C'est un retard qui se compte en centaines de jours. Selon le baromètre du LEEM (Les Entreprises du médicament), il faut désormais en moyenne plus de 500 jours entre l'autorisation européenne d'un nouveau médicament et son accès effectif en France — contre une cinquantaine de jours en Allemagne, et autour de 300 à 400 jours en Italie ou au Royaume-Uni.

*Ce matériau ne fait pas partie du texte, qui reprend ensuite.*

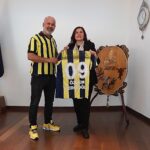 aydin-fenerbahceliler-dernegi-baskani-hayrettin-dincil-aydin-buyuksehir-belediye-baskani-ozlem-cerciogluna-nezaket-ziyaretinde-bulundu.jpg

Un parcours administratif qui s'allonge
Pourquoi un tel écart ? Une fois l'autorisation de mise sur le marché obtenue à l'échelle européenne, le laboratoire doit faire évaluer son produit par la Haute Autorité de santé (qui mesure le progrès thérapeutique apporté), puis négocier son prix avec le Comité économique des produits de santé (CEPS), sous contrainte du budget de la Sécurité sociale. Ce sont surtout ces négociations de prix qui s'étirent, allongeant les délais d'année en année selon les industriels.
Une bataille de chiffres
L'Assurance maladie nuance le tableau. Via un observatoire européen lancé en 2025, elle souligne que les médicaments les plus innovants bénéficient souvent d'un accès précoce dérogatoire — parfois avant même l'autorisation européenne —, permettant à des dizaines de milliers de patients d'être traités rapidement. Les deux camps s'accordent toutefois sur l'essentiel : les délais de droit commun s'allongent, et la France recule dans le classement européen.
Des conséquences pour les patients — et l'industrie
Concrètement, des malades (cancers, maladies rares, pathologies auto-immunes) peuvent attendre des mois un traitement déjà disponible ailleurs en Europe. Le sujet a aussi une dimension économique : une large majorité des laboratoires jugent la France peu attractive pour leurs investissements, à rebours de l'objectif affiché de « souveraineté sanitaire ». Entre accélération des procédures, revalorisation des prix et extension de l'accès précoce, les leviers existent — leur mise en œuvre, elle, se fait attendre.